▶ [Your task] Could the listing below be returned exactly, with its pictures left out?

▶ [Dataset extract]
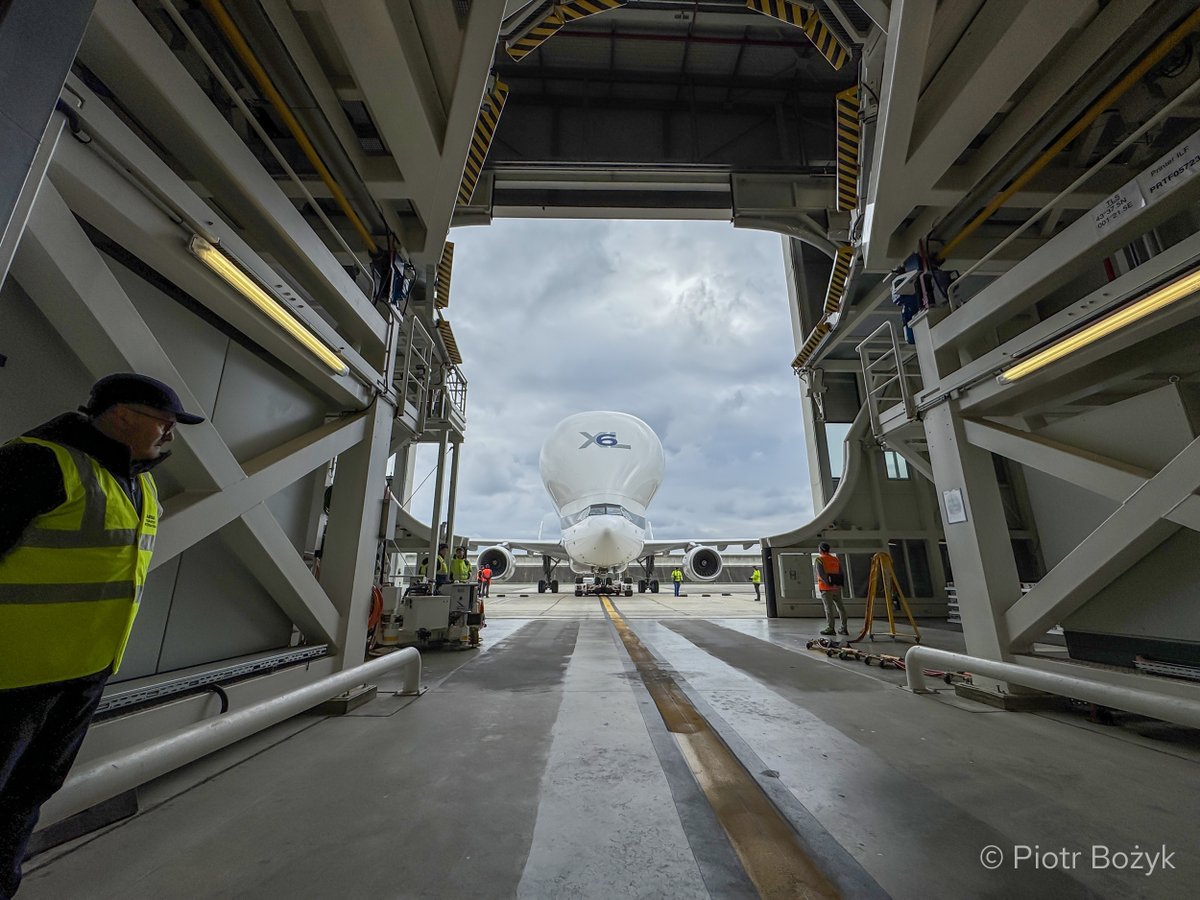 PiotrBozyk's tweet image. Niecodziennie zdarza się możliwość, aby zajrzeć do środka samolotów #BelugaXL 👉 rynek-lotniczy.pl/wiadomosci/air… Po wielu ustaleniach i oczekiwaniu na odpowiedni moment, udało mi się kilka dni temu uczestniczyć w jednym z rozładunków. Podczas wizyty w Tuluzie moim przewodnikiem i mówcą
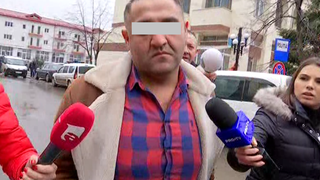 El este bărbatul care și-a snopit &icirc;n bătaie iubita &icirc;ntr-o spălătorie din Domnești! Ce a făcut &icirc;nainte de a ajunge la audieri e REVOLTĂTOR!
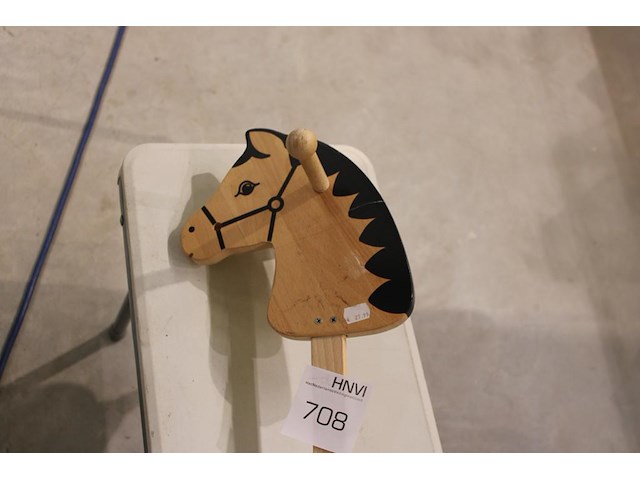 Stokpaard goki. - afbeelding 2 van  2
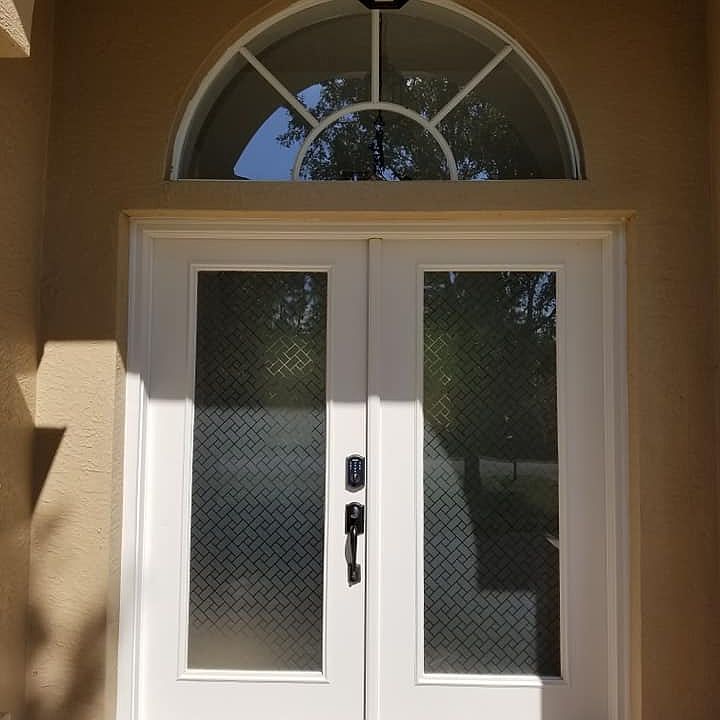 1st image of 625 SW Ester Ave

▶ [Response for this exercise]
 PiotrBozyk's tweet image. Niecodziennie zdarza się możliwość, aby zajrzeć do środka samolotów #BelugaXL 👉 rynek-lotniczy.pl/wiadomosci/air… Po wielu ustaleniach i oczekiwaniu na odpowiedni moment, udało mi się kilka dni temu uczestniczyć w jednym z rozładunków. Podczas wizyty w Tuluzie moim przewodnikiem i mówcą
 El este bărbatul care și-a snopit &icirc;n bătaie iubita &icirc;ntr-o spălătorie din Domnești! Ce a făcut &icirc;nainte de a ajunge la audieri e REVOLTĂTOR!
 Stokpaard goki. - afbeelding 2 van  2
 1st image of 625 SW Ester Ave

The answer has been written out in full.